* WHAT YOU NEED TO DO: Return the records that follow unaltered. Omit every picture.

* SOURCE DATA:
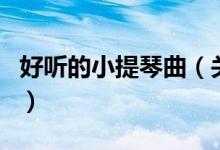 好聽的小提琴曲（關(guān)于好聽的小提琴曲的介紹）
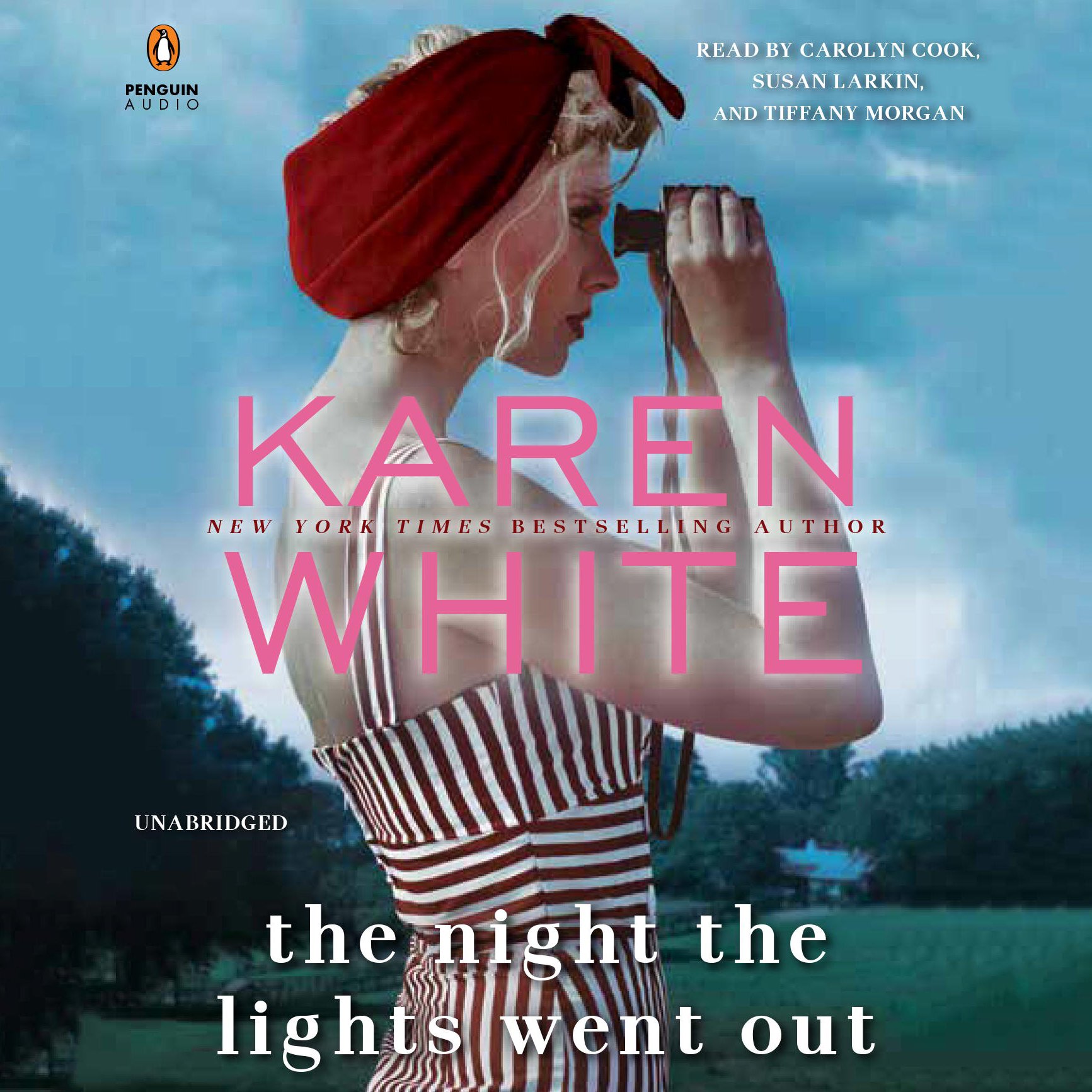 Cover art for The Night the Lights Went Out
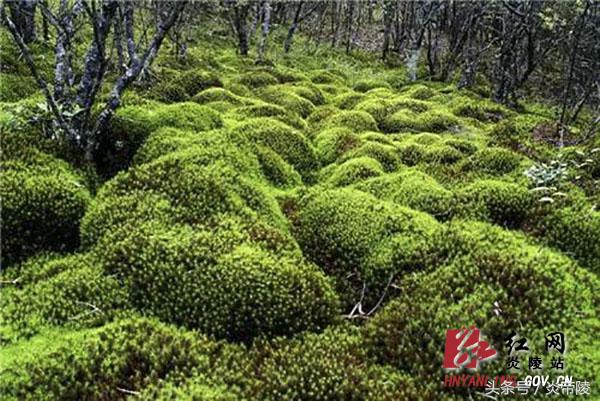 美丽炎陵，一个您想要去而一定要去的地方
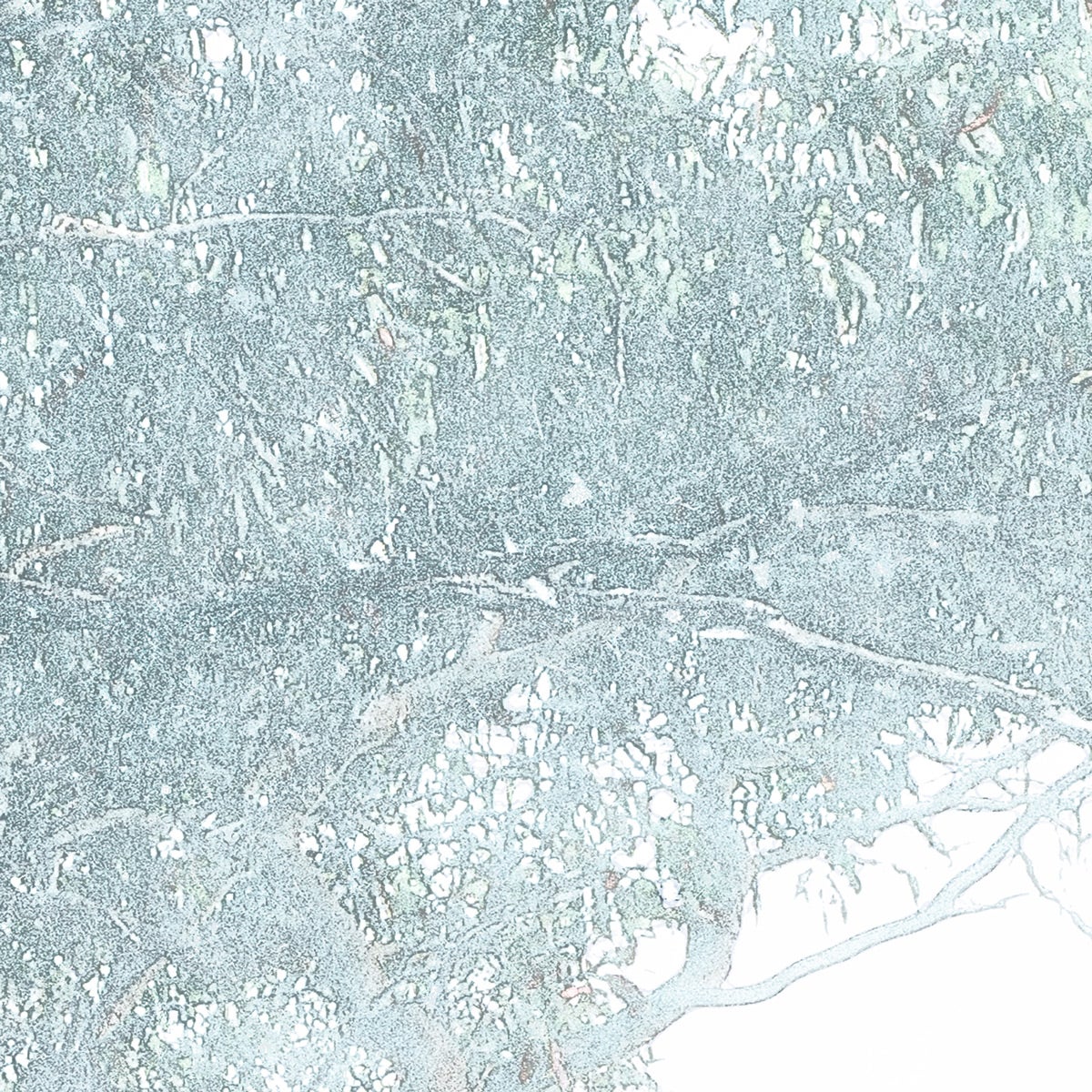 Fotomurale in tessuto non tessuto di Komar - Magic Trees - Dimensione: 300 x 280 cm - 7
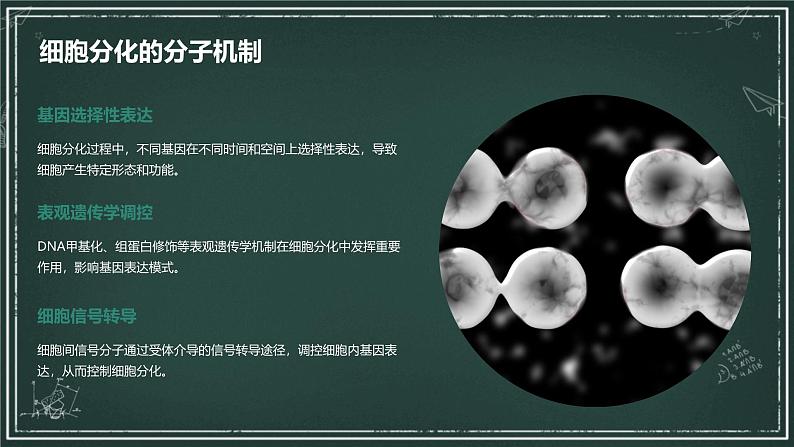 高中生物学:细胞分化、衰老和死亡高中生物苏教版(2019) 必修1 分子与细胞 课件05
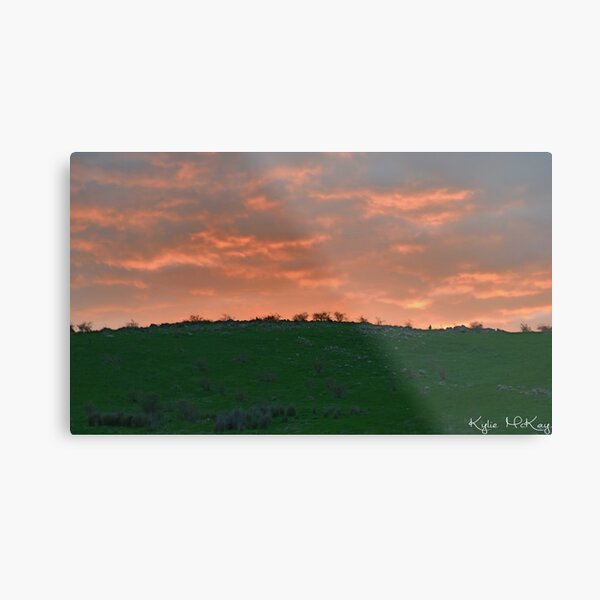 sunset roo Metal Print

* PROBLEM SOLUTION:
 好聽的小提琴曲（關(guān)于好聽的小提琴曲的介紹）
 Cover art for The Night the Lights Went Out
 美丽炎陵，一个您想要去而一定要去的地方
 Fotomurale in tessuto non tessuto di Komar - Magic Trees - Dimensione: 300 x 280 cm - 7
 高中生物学:细胞分化、衰老和死亡高中生物苏教版(2019) 必修1 分子与细胞 课件05
 sunset roo Metal Print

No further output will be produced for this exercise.